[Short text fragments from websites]

== == ==

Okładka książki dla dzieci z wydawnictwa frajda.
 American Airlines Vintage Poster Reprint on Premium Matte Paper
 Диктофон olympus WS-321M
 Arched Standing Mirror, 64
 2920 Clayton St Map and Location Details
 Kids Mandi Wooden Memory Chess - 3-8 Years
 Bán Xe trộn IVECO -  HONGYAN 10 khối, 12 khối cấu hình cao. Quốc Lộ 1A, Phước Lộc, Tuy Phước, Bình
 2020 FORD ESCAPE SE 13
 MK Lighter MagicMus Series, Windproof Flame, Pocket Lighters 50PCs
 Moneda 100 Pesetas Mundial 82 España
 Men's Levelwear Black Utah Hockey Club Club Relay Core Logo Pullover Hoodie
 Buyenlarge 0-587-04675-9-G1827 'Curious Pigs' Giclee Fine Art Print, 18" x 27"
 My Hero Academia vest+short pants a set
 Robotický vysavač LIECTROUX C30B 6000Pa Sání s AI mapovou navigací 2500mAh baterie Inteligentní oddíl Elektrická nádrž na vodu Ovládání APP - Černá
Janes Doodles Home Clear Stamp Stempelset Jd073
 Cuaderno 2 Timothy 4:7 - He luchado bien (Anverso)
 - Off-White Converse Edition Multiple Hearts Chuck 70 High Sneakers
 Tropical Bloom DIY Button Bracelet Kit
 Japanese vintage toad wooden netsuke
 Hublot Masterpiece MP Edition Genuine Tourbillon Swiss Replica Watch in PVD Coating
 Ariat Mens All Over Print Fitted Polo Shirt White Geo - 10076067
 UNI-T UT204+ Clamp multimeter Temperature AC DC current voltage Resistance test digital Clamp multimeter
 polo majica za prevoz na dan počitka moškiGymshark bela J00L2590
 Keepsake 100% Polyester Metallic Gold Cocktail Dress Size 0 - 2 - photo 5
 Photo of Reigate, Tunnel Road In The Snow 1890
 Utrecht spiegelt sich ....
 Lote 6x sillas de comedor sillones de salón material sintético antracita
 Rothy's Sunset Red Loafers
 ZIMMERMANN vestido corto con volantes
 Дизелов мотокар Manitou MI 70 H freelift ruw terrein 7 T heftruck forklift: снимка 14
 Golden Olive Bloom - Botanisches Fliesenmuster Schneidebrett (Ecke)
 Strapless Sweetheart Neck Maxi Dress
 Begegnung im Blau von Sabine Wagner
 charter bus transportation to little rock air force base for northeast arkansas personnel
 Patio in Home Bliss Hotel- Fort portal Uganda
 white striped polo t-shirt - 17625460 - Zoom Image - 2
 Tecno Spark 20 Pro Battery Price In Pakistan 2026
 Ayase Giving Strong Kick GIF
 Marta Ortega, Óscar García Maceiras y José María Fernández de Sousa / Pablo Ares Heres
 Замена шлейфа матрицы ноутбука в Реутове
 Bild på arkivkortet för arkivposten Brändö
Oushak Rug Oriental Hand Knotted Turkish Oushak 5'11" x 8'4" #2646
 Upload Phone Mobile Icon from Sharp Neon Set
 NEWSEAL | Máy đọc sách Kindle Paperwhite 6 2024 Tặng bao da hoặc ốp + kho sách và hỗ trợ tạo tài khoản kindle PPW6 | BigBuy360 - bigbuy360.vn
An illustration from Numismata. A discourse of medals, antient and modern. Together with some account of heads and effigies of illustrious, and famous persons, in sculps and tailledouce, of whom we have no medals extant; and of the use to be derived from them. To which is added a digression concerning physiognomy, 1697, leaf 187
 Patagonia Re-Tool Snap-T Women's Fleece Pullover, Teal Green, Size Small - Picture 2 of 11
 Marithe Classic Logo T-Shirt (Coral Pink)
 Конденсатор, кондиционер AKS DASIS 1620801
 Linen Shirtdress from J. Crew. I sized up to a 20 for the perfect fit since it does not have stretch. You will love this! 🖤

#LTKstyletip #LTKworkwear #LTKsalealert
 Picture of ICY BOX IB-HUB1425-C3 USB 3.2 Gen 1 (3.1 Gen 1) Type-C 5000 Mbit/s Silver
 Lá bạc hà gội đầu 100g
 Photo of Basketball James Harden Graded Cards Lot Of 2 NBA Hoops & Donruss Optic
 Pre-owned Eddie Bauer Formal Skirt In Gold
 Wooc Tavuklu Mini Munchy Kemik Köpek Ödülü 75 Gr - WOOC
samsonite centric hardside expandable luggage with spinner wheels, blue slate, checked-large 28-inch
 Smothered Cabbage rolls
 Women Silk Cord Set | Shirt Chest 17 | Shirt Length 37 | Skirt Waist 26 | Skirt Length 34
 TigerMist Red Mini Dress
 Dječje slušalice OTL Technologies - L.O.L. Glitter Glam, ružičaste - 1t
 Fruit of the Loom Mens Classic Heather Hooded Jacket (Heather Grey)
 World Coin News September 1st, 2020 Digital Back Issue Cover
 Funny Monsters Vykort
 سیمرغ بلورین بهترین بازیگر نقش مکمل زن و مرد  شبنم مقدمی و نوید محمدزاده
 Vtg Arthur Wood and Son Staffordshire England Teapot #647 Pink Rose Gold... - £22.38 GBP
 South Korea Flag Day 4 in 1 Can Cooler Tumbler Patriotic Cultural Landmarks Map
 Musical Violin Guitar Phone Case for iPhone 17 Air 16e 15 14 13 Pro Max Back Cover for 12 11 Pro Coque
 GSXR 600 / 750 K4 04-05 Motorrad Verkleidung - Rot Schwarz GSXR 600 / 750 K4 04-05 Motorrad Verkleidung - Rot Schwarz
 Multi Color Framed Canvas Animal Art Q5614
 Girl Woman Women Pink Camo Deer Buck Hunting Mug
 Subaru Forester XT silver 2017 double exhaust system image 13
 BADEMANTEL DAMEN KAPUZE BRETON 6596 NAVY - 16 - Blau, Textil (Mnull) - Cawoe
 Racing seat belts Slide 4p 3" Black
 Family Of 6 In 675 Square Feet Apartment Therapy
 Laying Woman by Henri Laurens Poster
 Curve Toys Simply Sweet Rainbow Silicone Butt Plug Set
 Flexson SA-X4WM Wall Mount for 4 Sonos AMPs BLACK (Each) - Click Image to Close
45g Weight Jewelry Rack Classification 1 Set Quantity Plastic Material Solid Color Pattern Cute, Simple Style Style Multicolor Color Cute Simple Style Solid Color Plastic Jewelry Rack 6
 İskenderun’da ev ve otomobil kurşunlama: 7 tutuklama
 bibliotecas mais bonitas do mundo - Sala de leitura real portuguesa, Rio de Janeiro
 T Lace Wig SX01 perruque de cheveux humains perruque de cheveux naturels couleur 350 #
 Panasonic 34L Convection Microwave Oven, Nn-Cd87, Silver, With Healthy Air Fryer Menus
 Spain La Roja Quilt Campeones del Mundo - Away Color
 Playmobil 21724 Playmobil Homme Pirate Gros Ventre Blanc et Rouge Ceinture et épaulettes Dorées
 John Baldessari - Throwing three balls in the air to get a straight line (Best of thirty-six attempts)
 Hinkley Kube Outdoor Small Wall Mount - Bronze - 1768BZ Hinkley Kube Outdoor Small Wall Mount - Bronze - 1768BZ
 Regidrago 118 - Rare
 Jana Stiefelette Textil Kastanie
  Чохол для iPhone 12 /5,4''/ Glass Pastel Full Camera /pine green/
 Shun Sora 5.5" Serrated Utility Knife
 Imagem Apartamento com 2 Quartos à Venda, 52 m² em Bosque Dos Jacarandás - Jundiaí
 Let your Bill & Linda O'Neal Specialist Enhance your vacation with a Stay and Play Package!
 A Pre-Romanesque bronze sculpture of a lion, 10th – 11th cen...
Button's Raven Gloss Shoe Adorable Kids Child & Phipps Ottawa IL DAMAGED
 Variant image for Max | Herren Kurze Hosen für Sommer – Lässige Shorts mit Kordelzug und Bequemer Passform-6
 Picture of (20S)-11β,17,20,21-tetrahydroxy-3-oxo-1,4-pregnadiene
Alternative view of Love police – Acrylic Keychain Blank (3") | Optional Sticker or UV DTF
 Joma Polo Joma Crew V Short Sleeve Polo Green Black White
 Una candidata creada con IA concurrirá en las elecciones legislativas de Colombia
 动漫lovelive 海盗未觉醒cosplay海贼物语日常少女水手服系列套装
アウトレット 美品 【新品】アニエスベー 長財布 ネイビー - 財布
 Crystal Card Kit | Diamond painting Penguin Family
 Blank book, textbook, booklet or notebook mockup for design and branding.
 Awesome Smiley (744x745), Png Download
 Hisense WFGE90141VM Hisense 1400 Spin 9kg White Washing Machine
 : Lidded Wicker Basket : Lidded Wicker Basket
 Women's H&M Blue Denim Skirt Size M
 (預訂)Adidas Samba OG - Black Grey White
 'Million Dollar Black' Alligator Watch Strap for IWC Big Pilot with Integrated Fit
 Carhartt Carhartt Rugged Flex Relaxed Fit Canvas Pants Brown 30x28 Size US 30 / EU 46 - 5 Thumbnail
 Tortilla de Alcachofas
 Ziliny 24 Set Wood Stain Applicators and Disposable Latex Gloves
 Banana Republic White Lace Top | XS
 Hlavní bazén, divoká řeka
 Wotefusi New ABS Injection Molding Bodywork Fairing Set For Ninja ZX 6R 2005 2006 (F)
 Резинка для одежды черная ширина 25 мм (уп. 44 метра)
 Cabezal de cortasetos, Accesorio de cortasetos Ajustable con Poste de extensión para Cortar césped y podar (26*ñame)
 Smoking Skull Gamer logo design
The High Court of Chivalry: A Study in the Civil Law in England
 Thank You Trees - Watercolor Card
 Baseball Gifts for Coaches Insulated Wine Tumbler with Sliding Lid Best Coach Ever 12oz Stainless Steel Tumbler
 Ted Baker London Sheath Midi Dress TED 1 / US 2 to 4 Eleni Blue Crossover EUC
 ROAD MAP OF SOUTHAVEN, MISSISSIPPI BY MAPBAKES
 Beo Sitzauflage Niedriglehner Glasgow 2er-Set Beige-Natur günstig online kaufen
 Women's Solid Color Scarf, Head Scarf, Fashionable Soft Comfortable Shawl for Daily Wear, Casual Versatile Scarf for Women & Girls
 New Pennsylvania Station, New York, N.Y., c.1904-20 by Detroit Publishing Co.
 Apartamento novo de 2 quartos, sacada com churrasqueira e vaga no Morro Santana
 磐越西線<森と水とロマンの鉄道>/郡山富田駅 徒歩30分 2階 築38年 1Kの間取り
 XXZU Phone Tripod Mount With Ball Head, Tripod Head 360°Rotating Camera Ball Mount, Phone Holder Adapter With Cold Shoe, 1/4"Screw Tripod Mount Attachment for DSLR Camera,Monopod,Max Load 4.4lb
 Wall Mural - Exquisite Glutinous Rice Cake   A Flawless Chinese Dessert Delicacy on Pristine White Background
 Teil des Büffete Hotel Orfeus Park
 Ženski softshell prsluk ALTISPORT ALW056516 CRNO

== == ==

# Exercise goal
Repeat, exactly as they stand above, the lines from the line with "Men's Levelwear Black" to the line with "Cuaderno 2 Timothy", both lines included.

# Result below
 Men's Levelwear Black Utah Hockey Club Club Relay Core Logo Pullover Hoodie
 Buyenlarge 0-587-04675-9-G1827 'Curious Pigs' Giclee Fine Art Print, 18" x 27"
 My Hero Academia vest+short pants a set
 Robotický vysavač LIECTROUX C30B 6000Pa Sání s AI mapovou navigací 2500mAh baterie Inteligentní oddíl Elektrická nádrž na vodu Ovládání APP - Černá
Janes Doodles Home Clear Stamp Stempelset Jd073
 Cuaderno 2 Timothy 4:7 - He luchado bien (Anverso)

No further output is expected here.